Code of conduct and ethics
In this chapter: Fiduciary duty, suitability · Grievance redressal channels
The RIA Code of Conduct establishes fiduciary duty — placing client interest first, always. Recommendations must be suitable (matched to goal, risk profile, constraints). Conflicts must be disclosed. Confidentiality must be maintained. Records of all advice must be kept for 5+ years for SEBI inspection.
Suitability has three legs: Know-Your-Client (gather information), product knowledge (understand what you recommend), reasonable basis (evidence-based selection). RIAs must document each leg for every recommendation. Disclosure: any conflict (group-company products, kickbacks, ownership interests) must be in writing before the advice is given. Records: client KYC, IPS, recommendation rationale, communication logs — all retrievable on demand. Grievance: client first complains to RIA; if unresolved, SEBI SCORES; arbitration via BASL is available.

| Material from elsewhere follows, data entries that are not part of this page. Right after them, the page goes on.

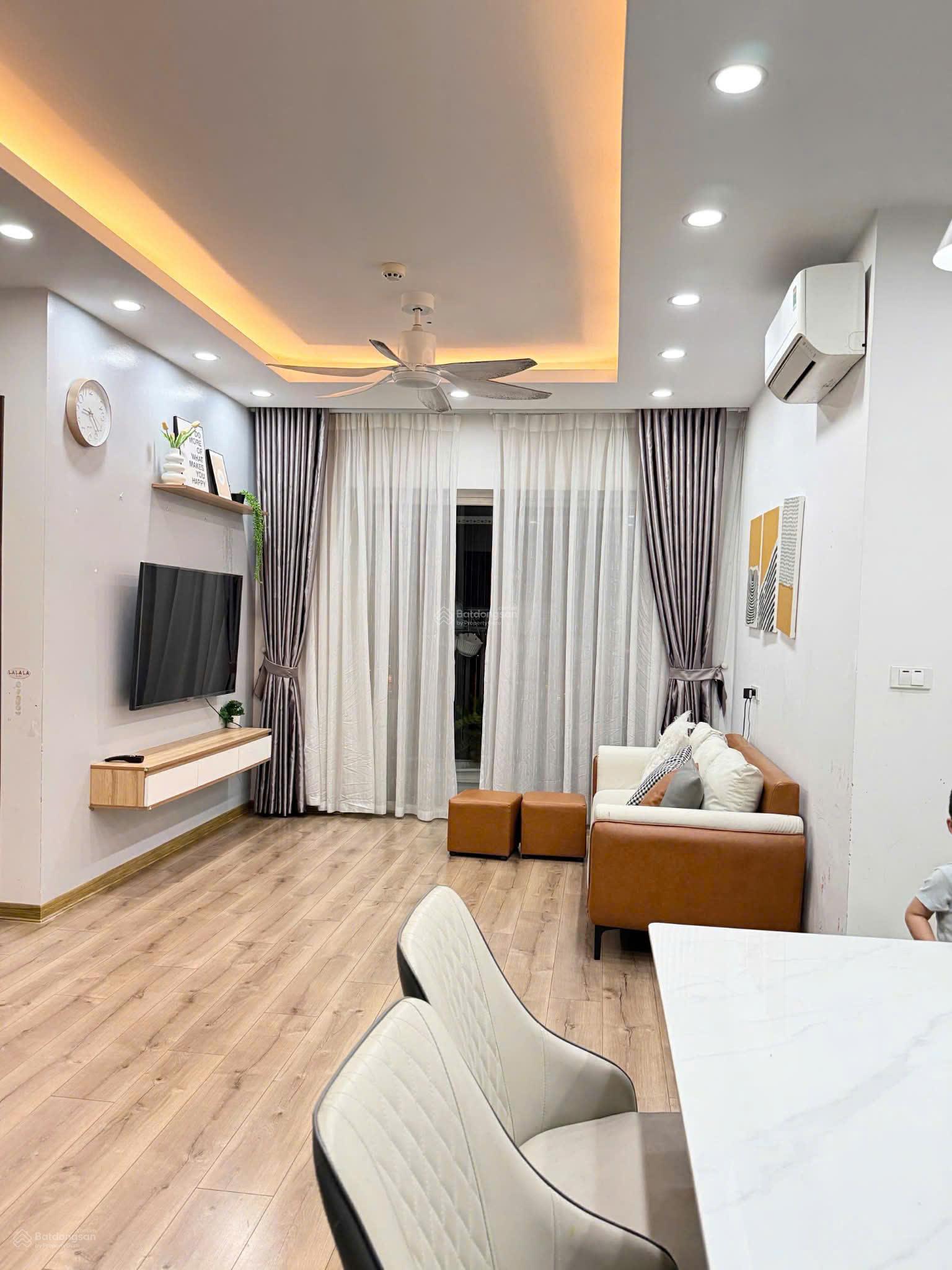 Bán căn The Pride Tố Hữu, 74m 2N2Vs, tầng 10-20, có ban công khách rộng, rẻ nhất khu chỉ 5,3 tỷ Bán căn The Pride Tố Hữu, 74m 2N2Vs, tầng 10-20, có ban công khách rộng, rẻ nhất khu chỉ 5,3 tỷ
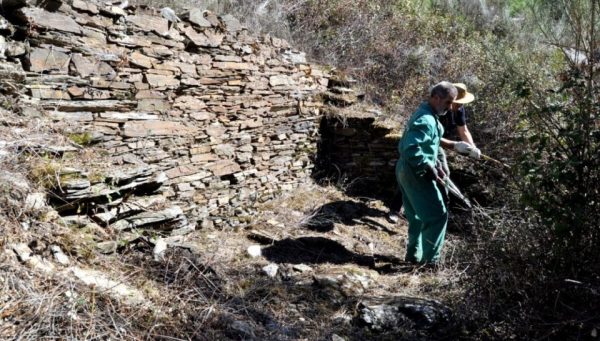 Miembros de la pedanía de Valdefrancos y de Promonumenta adecúan una antigua vivienda de mineros. / David Gustavo López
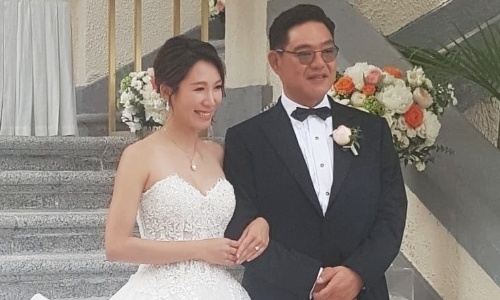 Kieu nu TVB rang ro trong ngay cuoi doanh nhan tuoi U60 hinh anh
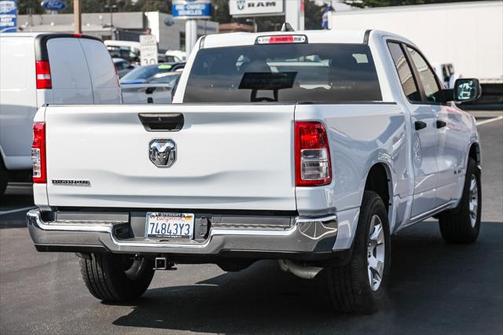 2024 RAM 1500 Big Horn/Lone Star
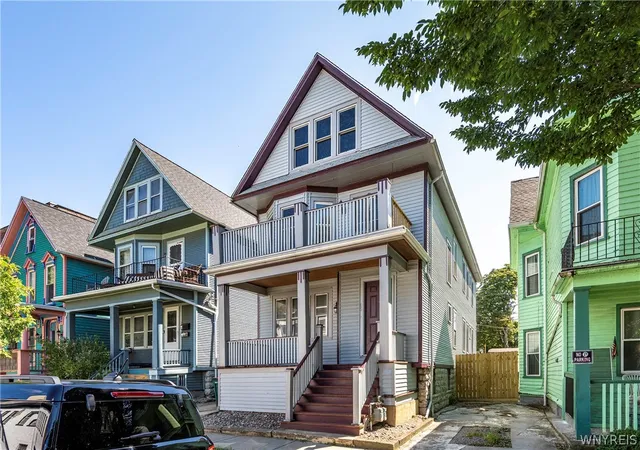 1st image of 69 College St, Buffalo, NY 14201 | MLS# B1703800
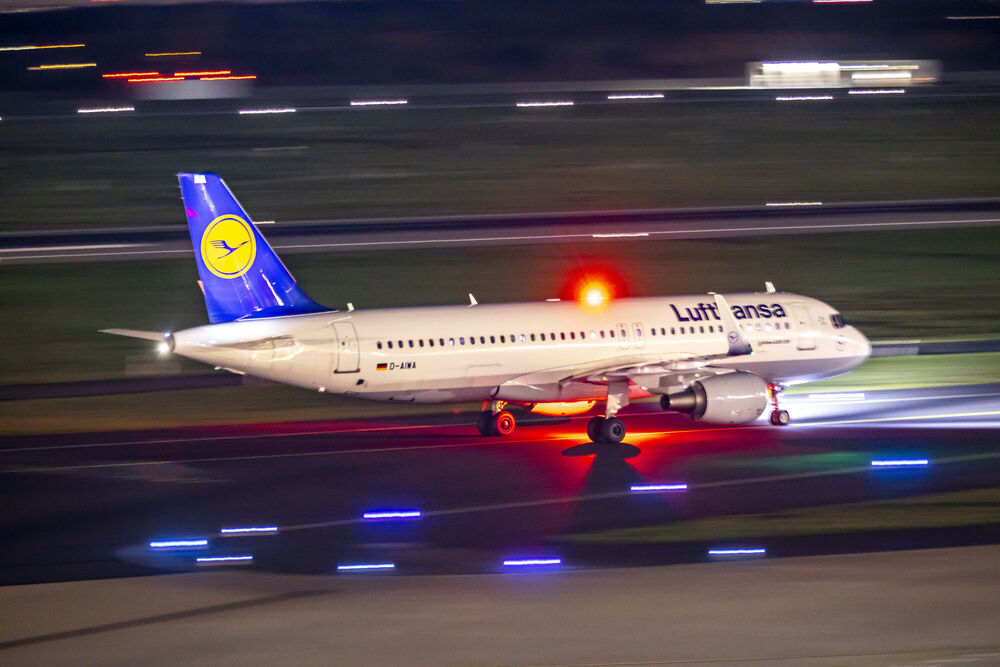 Panik an Bord einer Lufthansa-Maschine - Triebwerk kurz nach den Start ausgefallen - Notlandung!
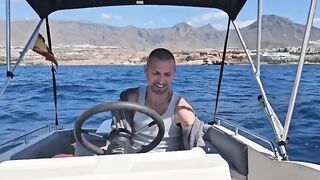 In barca scopando a pecorina moglie italiana tettona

A key 2024-25 SEBI guideline: written advice must include the rationale, alternatives considered, and rejection of those alternatives. "Buy XYZ Fund because we like it" is no longer compliant; "XYZ Fund chosen over ABC due to lower expense ratio, more consistent rolling returns, and better category fit; ABC rejected because of recent fund-manager change" is. RIAs increasingly use templates and CRMs to maintain this audit trail.